I admit that the problem is still mystery to me but based on my assumptions I would define my own little problem and try to solve it:

- I have numpy array of integers in shape of 15,5
- I want to find how many rows have two or more integers in common to row at index 1

So I try to divide it into subproblems and there are plenty:

- how to compare 1d arrays (rows)
- how to find number of common elements
- how to apply comparison to all rows
- how to count rows which have two or more common elements

Following is based on sample array:

import numpy as np

arr = np.array([
                [3, 8, 21, 31, 37],
                [15, 32, 34, 38, 40],
                [3, 12, 20, 26, 37],
                [6, 7, 15, 21, 30],
                [8, 10, 14, 27, 31],
                [10, 15, 26, 37, 41],
                [26, 29, 32, 36, 39],
                [6, 9, 11, 13, 35],
                [15, 18, 30, 31, 37],
                [15, 17, 24, 26, 34],
                [2, 3, 23, 28, 35],
                [1, 3, 13, 40, 43],
                [3, 4, 23, 29, 30],
                [7, 12, 22, 23, 33],
                [2, 5, 7, 30, 40]
                ])

How to compare 1d arrays?

As paul18fr already suggested - there is intersec1d. How can one use it?

>>> np.intersect1d(arr[0], arr[1])
array([], dtype=int64)
>>> np.intersect1d(arr[9], arr[1])
array([15, 34])

Problem solved - we know how to find common integers.

How to find number of common elements?

numpy has handy .size for that. Building on solution of previous problem:

>>> np.intersect1d(arr[0], arr[1]).size
0
>>> np.intersect1d(arr[9], arr[1]).size
2

Problem solved - we know how to find number of common integers. However, if we think about it - we actually don't want number of common integers - we need to know whether condition is met or not i.e is <= 2 common integers. So we can adjust this:

>>> 2 <= np.intersect1d(arr[0], arr[1]).size
False
>>> 2 <= np.intersect1d(arr[9], arr[1]).size
True

How to apply it to all rows

This is nice and all but how to apply this to every row in array? There is apply_along_axis which can be used. However, in order to do so we need function which will be applied to all rows. As we have solution which we want to apply to every row we can write such a function with no effort at all:

def at_least_two_common(row, test_array):
    return 2 <= np.intersect1d(row, test_array).size

Now we apply this function to all rows:

>>> np.apply_along_axis(at_least_two_common, 1, arr, arr[1])
[False  True False False False False False False False  True False False
 False False False]

We observe that there are two Trues - row itself and actual match. So in order to get correct result we should deduct row itself.

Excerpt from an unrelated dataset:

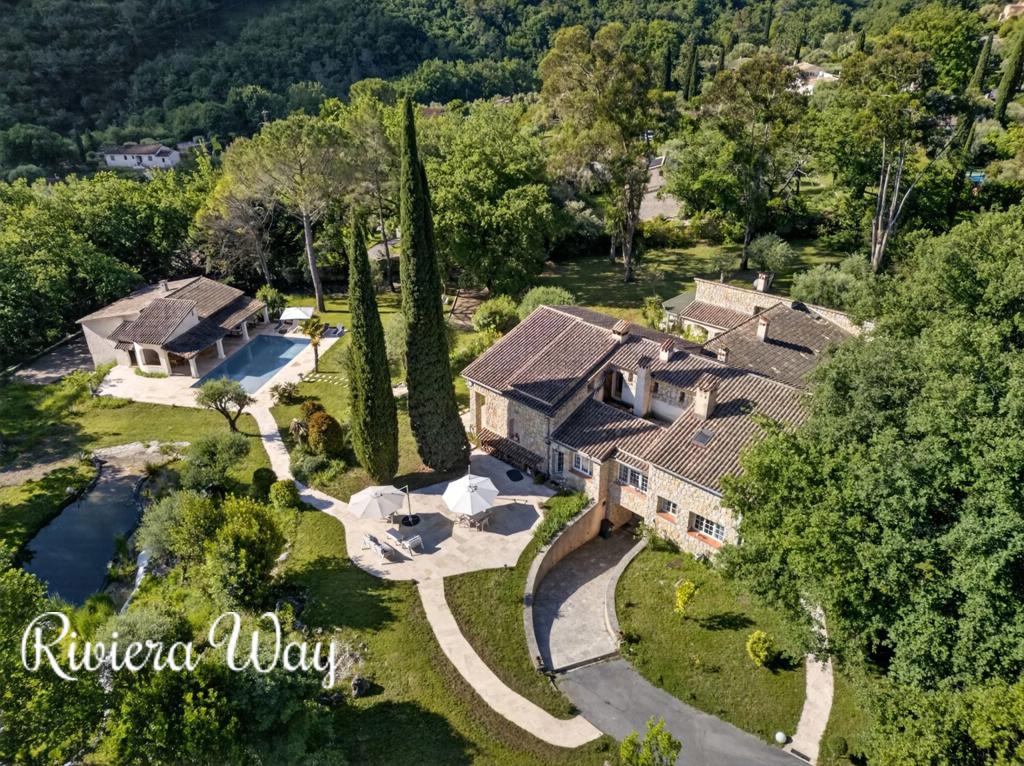13 room villa in Le Bar-sur-Loup, photo #1, listing #106336146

How to count rows which have two or more common elements

We have array of Trues and Falses and we need to count Trues. What we do? We count nonzeros:

>>> np.count_nonzero(np.apply_along_axis(at_least_two_common, 1, arr, arr[1]))
2

As we observed earlier this result includes row itself, so little adjustment (-1) must be made and whole solutions will look like (of course numpy must be imported and arr initialized too):

def at_least_two_common(row, test_array):
    return 2 <= np.intersect1d(row, test_array).size

print(np.count_nonzero(np.apply_along_axis(at_least_two_common, 1, arr, arr[1])) - 1)

This might or might not be helpful to solve your problem. As I already mentioned - numpy can be overwhelming and if I provided just those three lines it wouldn't be that helpful. But knowing the steps stitched together in last line it should be pretty obvious what is going on and maybe gives some ideas how to approach your problem (I am sure that this little problem I had can be solved in gazillion other ways using numpy-s built-in methods).